Now, I turn to the sentence of imprisonment. There can be no dispute in so far as the sentence of imprisonment is concerned that it should commensurate with the gravity of the crime. Court has to deal with  the  offenders  by  imposing  proper  sentence  by  taking  into consideration the facts and circumstances of each case. It is not only the rights of the offenders which are required to be looked into at the time of the imposition of sentence, but also of the victims of the crime and society at large, also by considering the object sought to be achieved  by  the  particular  legislation.  Considering  the  facts  and circumstances of the case and the object of the law, I am of the view that the sentence of imprisonment would be a harsh sentence having no  penal  objective  to  be  achieved.  Hence,  the  sentence  of imprisonment is set aside.
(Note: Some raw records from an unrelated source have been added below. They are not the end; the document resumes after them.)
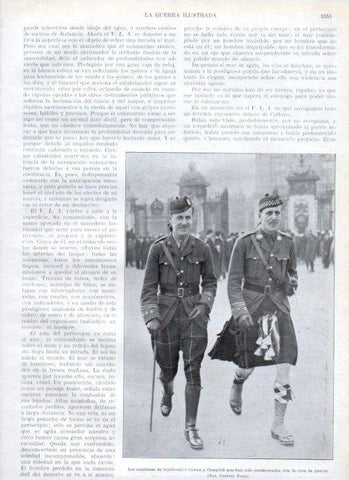 LAMINA V22462: Capitanes de highlanders Cowan y Campbill condecorados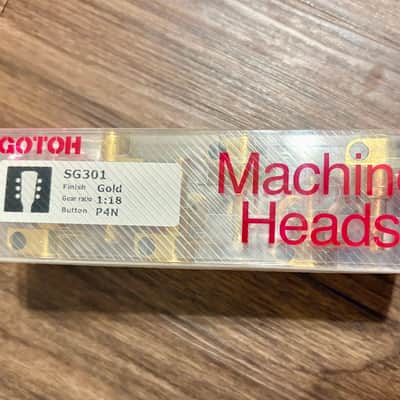 Gotoh Tuners SG301-P4N - Gold - 3 per side image 2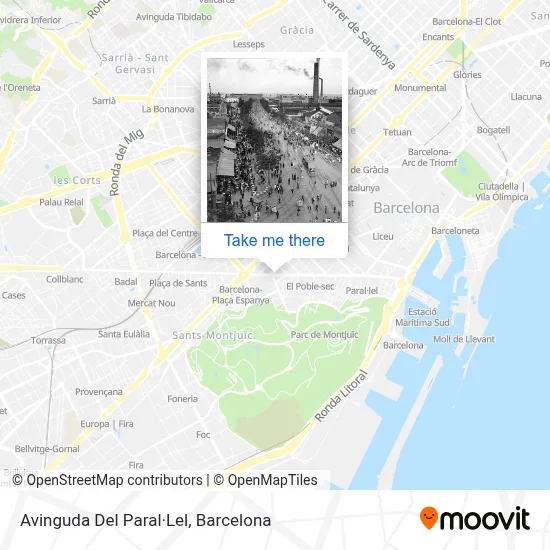 Avinguda Del Paral·Lel map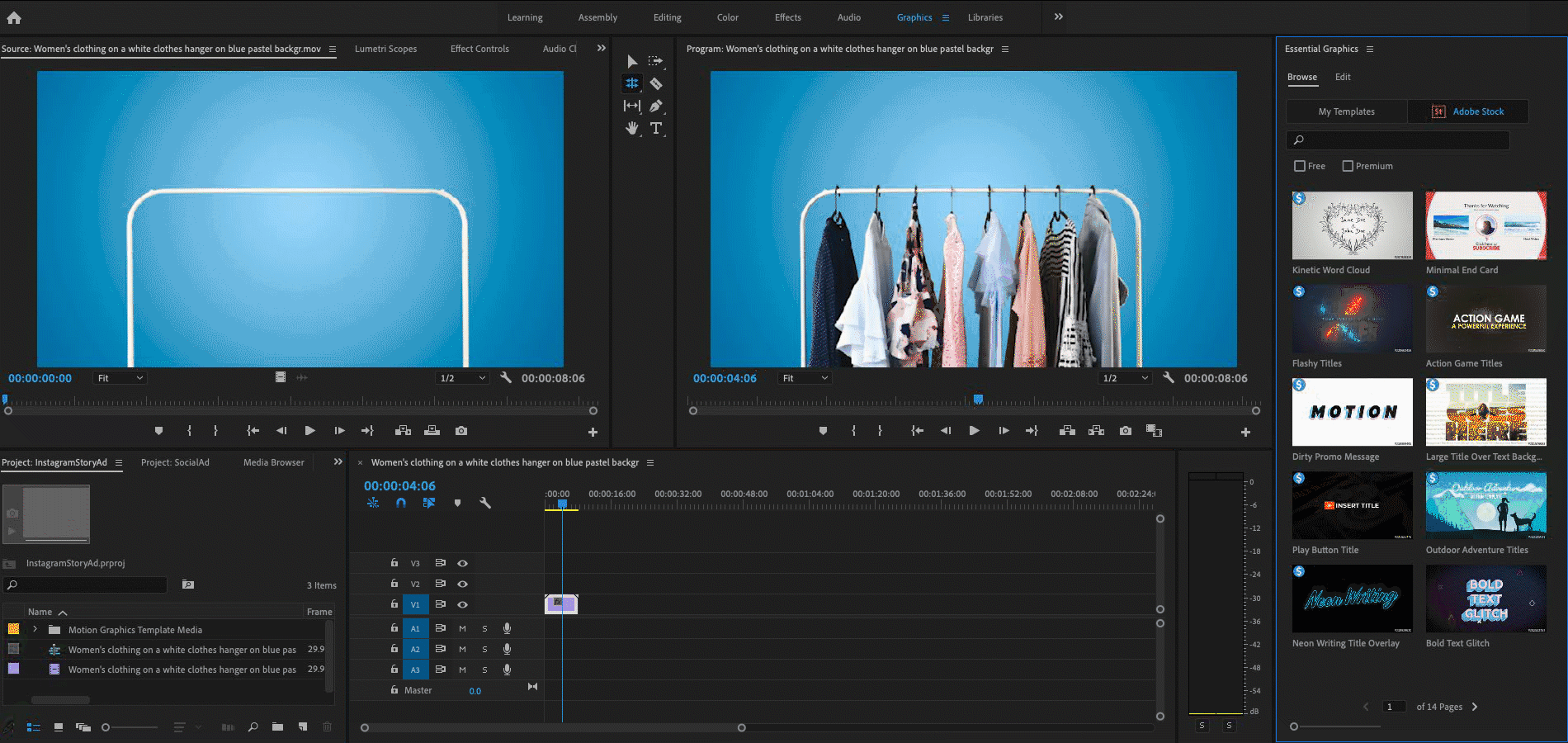 Integrer Adobe Stock-maler for bevegelsesgrafikk i Premiere Pro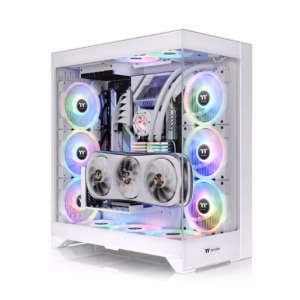 کیس کامپیوتر گیمینگ ترمالتیک مدل CTE E660 MX Snow Mid Tower Chassis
I note that the trial court has not passed any default order i.e. imprisonment in default of payment of the fine. When an offender is sentenced to fine only, the Court has the power to make a default order under Section 388 of the Code of Criminal Procedure (in short the  ‘Cr.P.C.’).  Section  423(1)(d)  of  the  Cr.P.C.  empowers  the Appellate Court to pass any consequential or incidental order that may be ‘just and proper’. Since, this Court has already set aside the sentence of imprisonment, it would be just and proper to pass a default order.

In view of the foregoing discussions, the order of the Court is as follows:

The conviction of the petitioner under Section 138 of the Act, 1881  is  upheld,  but  the  sentence is  modified.  The  sentence  of  3 (three) months imprisonment is set aside. The sentence of fine of Tk. 6,00,000/-,  which  is  equivalent  to  the  value  of  the  dishonoured cheque, is upheld. The convict-petitioner has already deposited Tk. 3,00,000/- in the Court below before filing the appeal. The Court concerned is directed to give the said deposit to the complainant- opposite party No.2 forthwith. The convict-petitioner is directed to pay the remaining portion of the value of the dishonoured cheque i.e. Tk.3,00,000/- to The Complainant-opposite party No. 2 either in full or by installment within 3 (three) months from the date of receipt of this  order,  in  default  he  will  suffer  simple  imprisonment  for  15 (fifteen) days. If the convict-petitioner does not pay the remaining portion of the fine as ordered or opts to serve out the period of imprisonment in lieu of payment of fine, he is not exempted from paying the same. In that event, the Court concerned shall realize the fine under the provisions of Section 386 of the Cr. P.C.

In  the  result,  the  rule  is  discharged  with  modification  of sentence and with directions made above. The convict-petitioner is released from the bail bond.

Send  down  the  lower  Court’s  records  (LCR)  at  once. Communicate  the  judgment  and  order  to  the  Court  concerned forthwith.